▸ **Exercise directions**
The pictures do not belong in the copy. Restate all of the records word for word.

[Web page caption snippets]
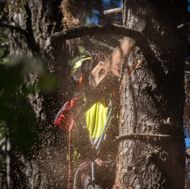 Vegetation Management-7651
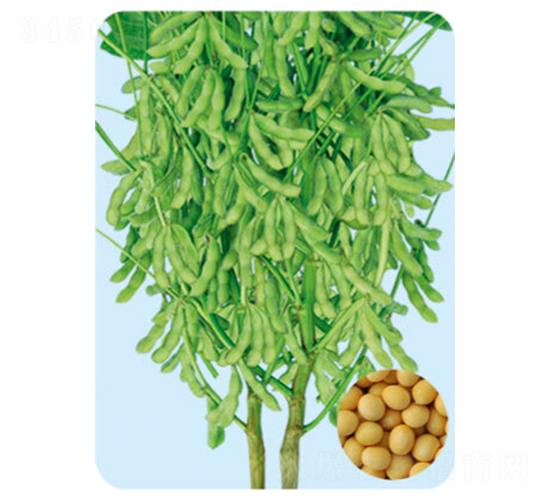 �|��38-�󶹷N��-���S�N�I(y��)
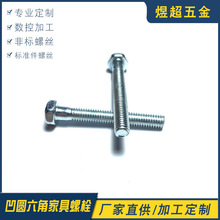 厂家专业生产紧固件长头螺丝 六角凹圆六角家具螺栓加工可定批发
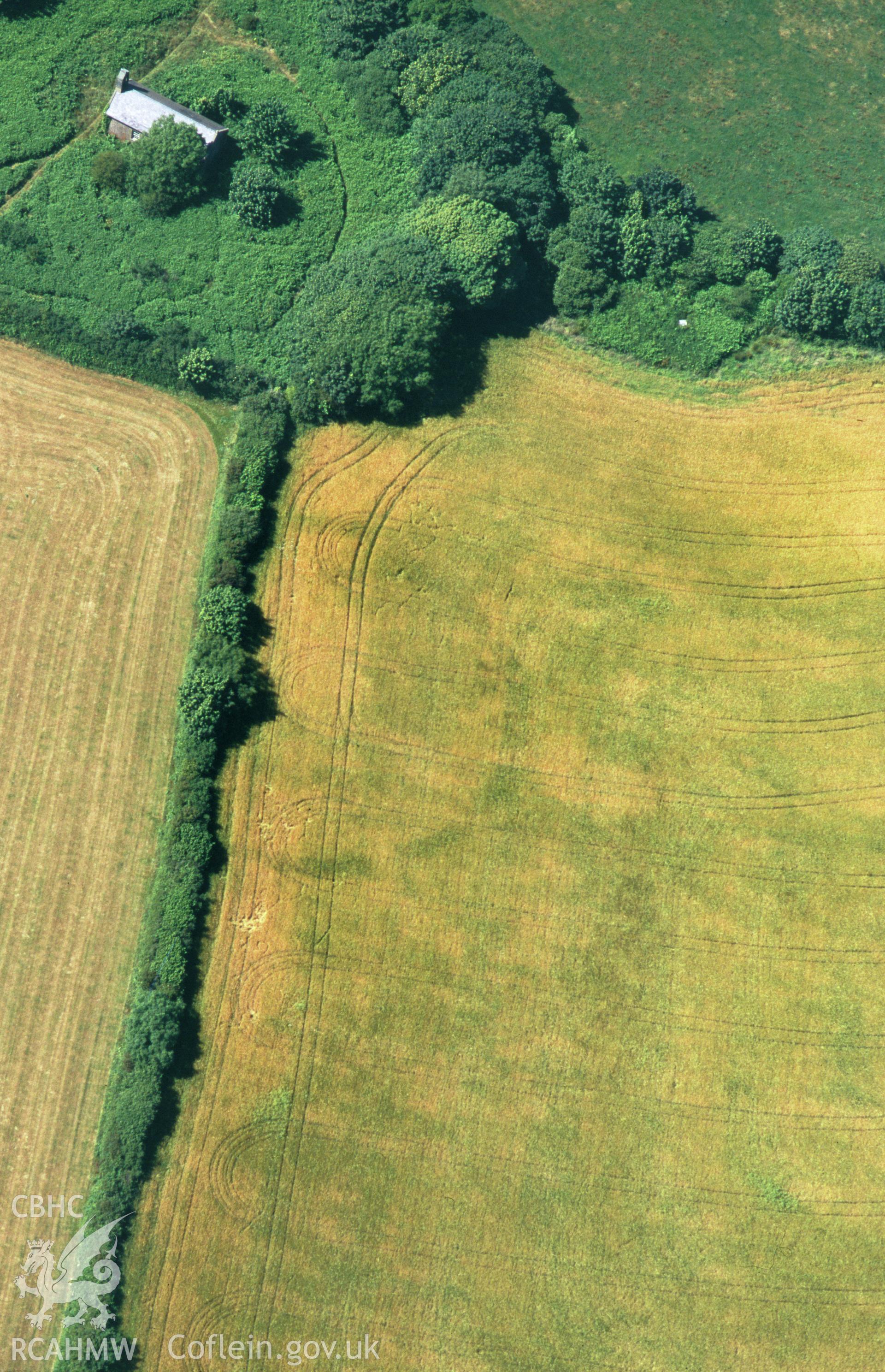 RCAHMW colour slide oblique aerial photograph of cropmark enclosure SE of St Andrew's, Bayvil, Nevern, taken by C.R.Musson on the 25/07/1996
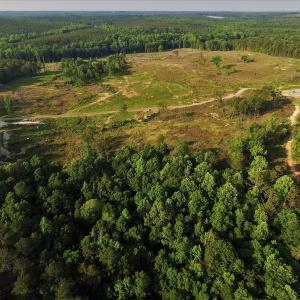 Photo #5 of SOLD property in 849 Strother Road, Union, SC 201.0 acres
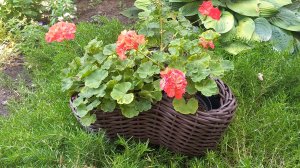 кашпо "трио"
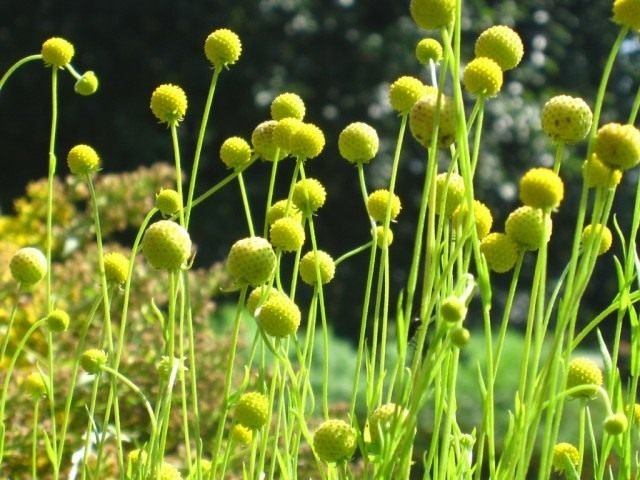 Het glenium is aromatisch of cephalofoor - aardbeiengras. Zorg, groeien, reproductie. Foto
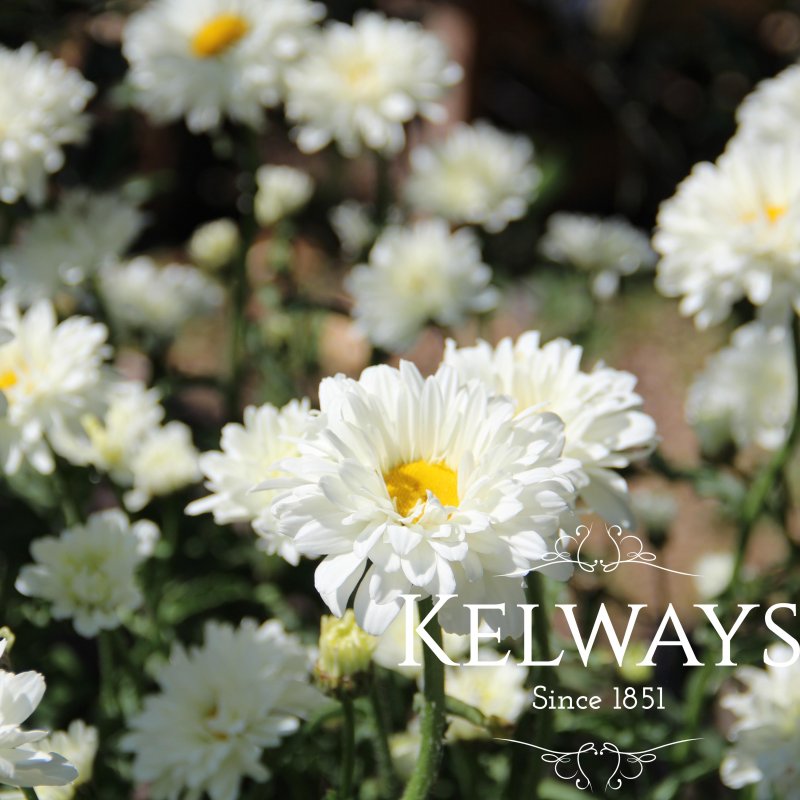 Leucanthemum x superbum 'Victorian Secret' PBR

▸ **Task answer**
 Vegetation Management-7651
 �|��38-�󶹷N��-���S�N�I(y��)
 厂家专业生产紧固件长头螺丝 六角凹圆六角家具螺栓加工可定批发
 RCAHMW colour slide oblique aerial photograph of cropmark enclosure SE of St Andrew's, Bayvil, Nevern, taken by C.R.Musson on the 25/07/1996
 Photo #5 of SOLD property in 849 Strother Road, Union, SC 201.0 acres
 кашпо "трио"
 Het glenium is aromatisch of cephalofoor - aardbeiengras. Zorg, groeien, reproductie. Foto
 Leucanthemum x superbum 'Victorian Secret' PBR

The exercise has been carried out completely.